有关那年春末夏初的回忆 – 绝对不会开枪?!
北京戒严好久了。我们在上海的办公室里,每天大家都是一边工作,一边议论国事,关心着民运的动向,惦记着学生的安危。
我们当时有与北京合作的项目,到日子了北京却迟迟没有消息,就打电话去询问。北京那边说,你们还在干活啊?知道我们这里是怎样的吗?我们是天上飞机,地上坦克,街上喇叭哇啦哇啦叫!都戒严了,还上什么班啊?!

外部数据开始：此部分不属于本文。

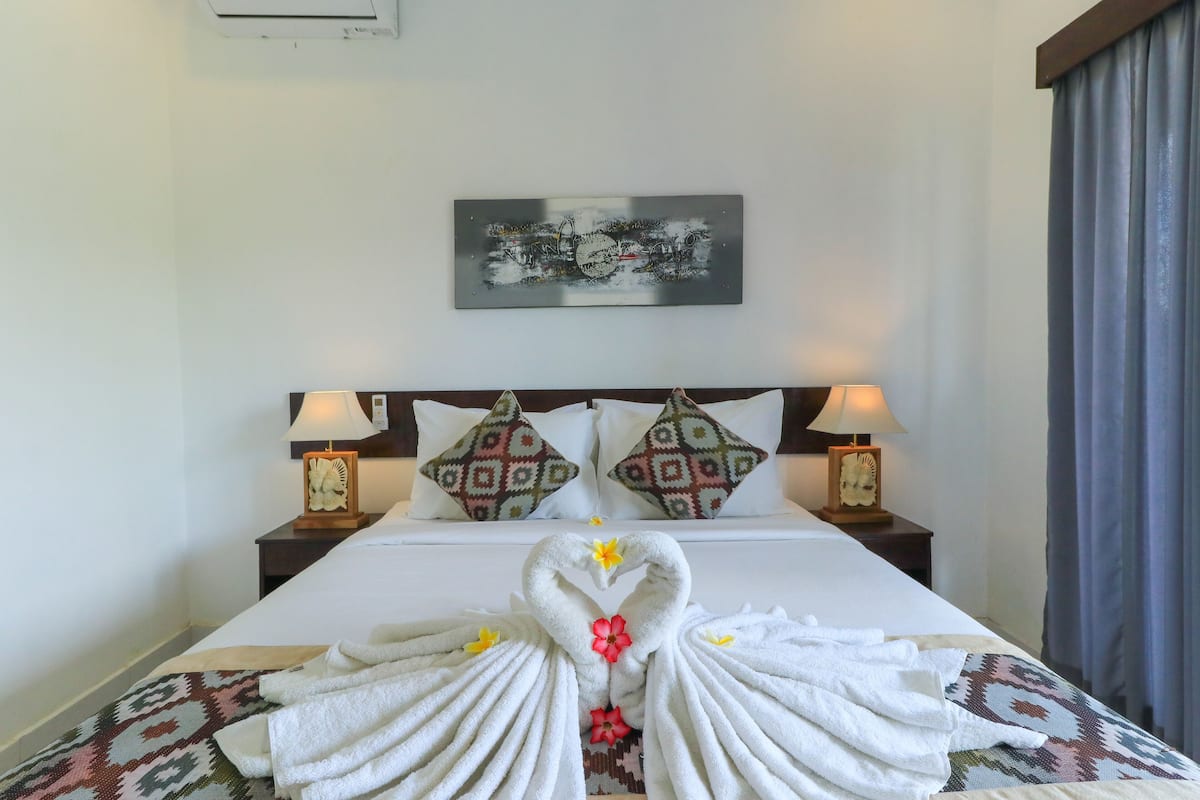 Een netjes opgemaakt bed met handdoeken in de vorm van een hart, twee decoratieve kussens, nachtlampjes en een aan de muur bevestigd kunstwerk.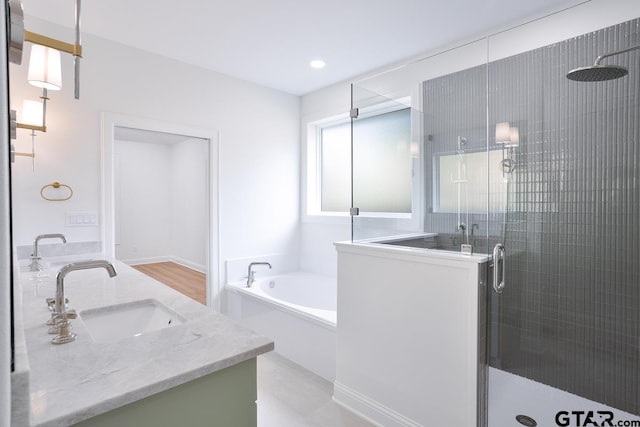 9244 Villas Ct, Tyler, TX 75703 - bathroom featuring a stall shower, double vanity, a bath, and recessed lighting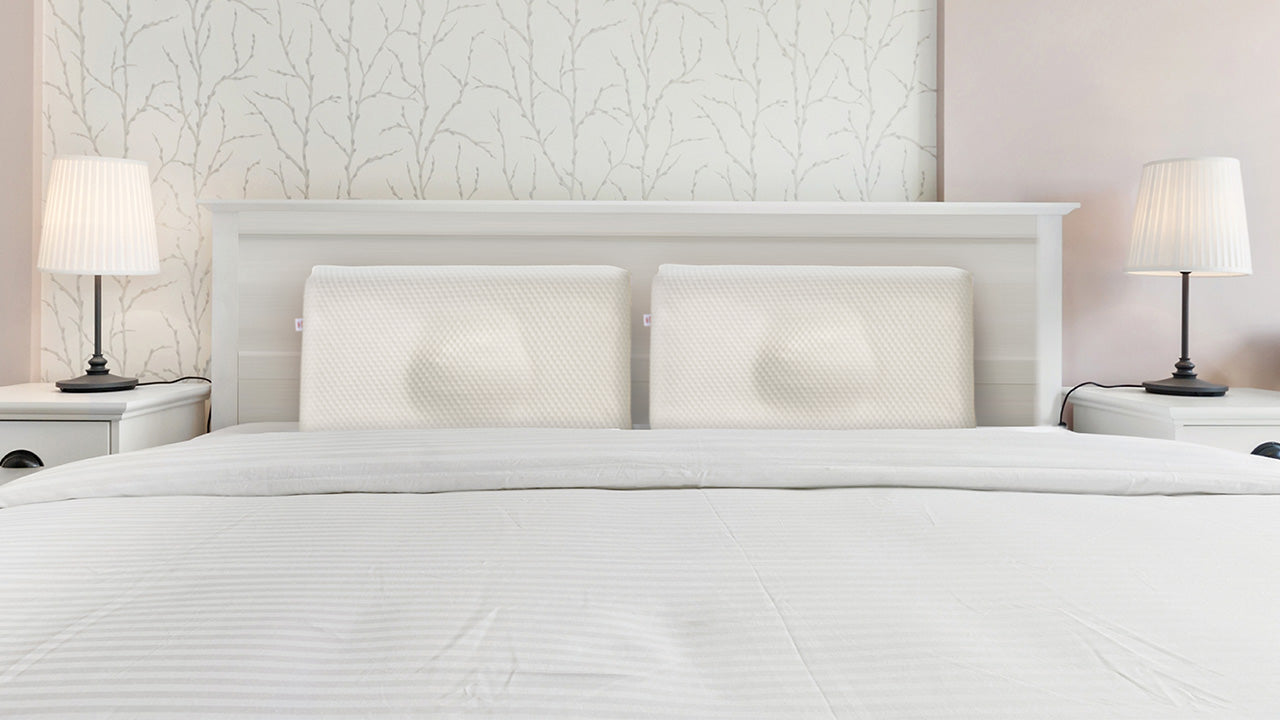 Neatly made bed with white bedding and two memory foam pillows against a white headboard, flanked by matching lamps in a minimalist bedroom. No visible text or branding.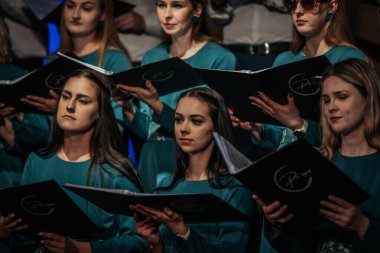 Bir orkestra şefinin yönetiminde sahnedeki canlı performansları senkronize ve tutkulu bir şekilde müzik kağıtları tutan bir koro şefinin yönetiminde sahneye çıkıyor. 03.15.2025 Valmiera, Letonya
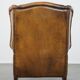 Sheepskin wing chair + XXL patinated footrest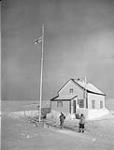 Tapatai and Reverend W.J.R. James raising the White Ensign outside the Anglican Rectory, marking the presence of Canadian Army personnel taking part in Exercise Muskox, Baker Lake (Qamanittuaq), Northwest Territories [Nunavut], March 1946 March 1946.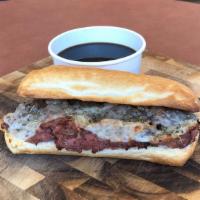 French Dip (Regular) · Lean roast beef sliced thin, provolone cheese, and au jus for dipping.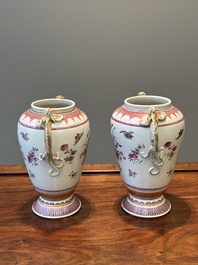 A pair of Chinese famille rose 'cornucopia' vases with chilong handles, Qianlong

北京可以不上班,上海不行。朱镕基市长一再强调上海不能停。别的城市停了就停了。上海要是停,到时候苦果是要自己吃的。不知道这里面是什么逻辑,反正大家都知道上海是必须出活的,是必须养活这个大家的。于是,我们继续工作,一边干一边关心着,担忧着。
周先生以他一贯的组长风度,口气笃定的告诉大家:“放心好了,开枪的事情是绝对不会发生的。段祺瑞才杀了几个人?成了历史的罪人,永世不得翻身。谁还敢步这个后尘?”他瘸着腿,绕着大大的制图台走过来,见我定定地看着他,边说边对我点头,挤单眼笑一笑,仿佛他与官方有默契。
小山东习惯性地边眨眼边说:“这个是肯定的。谁也不敢开枪的。”
屋里近20个人几乎都同意地或点头或说是。没有人 – 没有一个人 – 认为会开枪。直到那一夜!
那天早上,我恍恍惚惚地来到办公室,无力、无心作任何事情。办公室像炸了锅似的,群情激愤。可我感觉的是麻木,一种不相信事已成真的麻木。
我已经不会说话了,看着大家义愤填膺,仿佛在看一场戏,不知为什么,有一种置身境外的感觉。我看着,听着,总觉得同时有慢镜头在回放,回放的是大家一致认为政府绝对不会开枪!我欲哭无泪!
第二年的这个日子,我已到了美国。那天,我捉笔写了一文,没有给任何人看,只为对心有个交代。一年的距离沉淀,凝聚成一个问号:为什么事发前所有的人都说绝对不会开枪,事后却没有人忆起当初下的断言?我对自己说,有一点是肯定的,遮羞布已经彻底撕破了,从今以后,再没有人做梦了!
也许我的结论还是错了。如果说开枪令人难以置信,令多少人幻想破灭,那么下面的另一个预言同样遭遇了令人难以想象的命运。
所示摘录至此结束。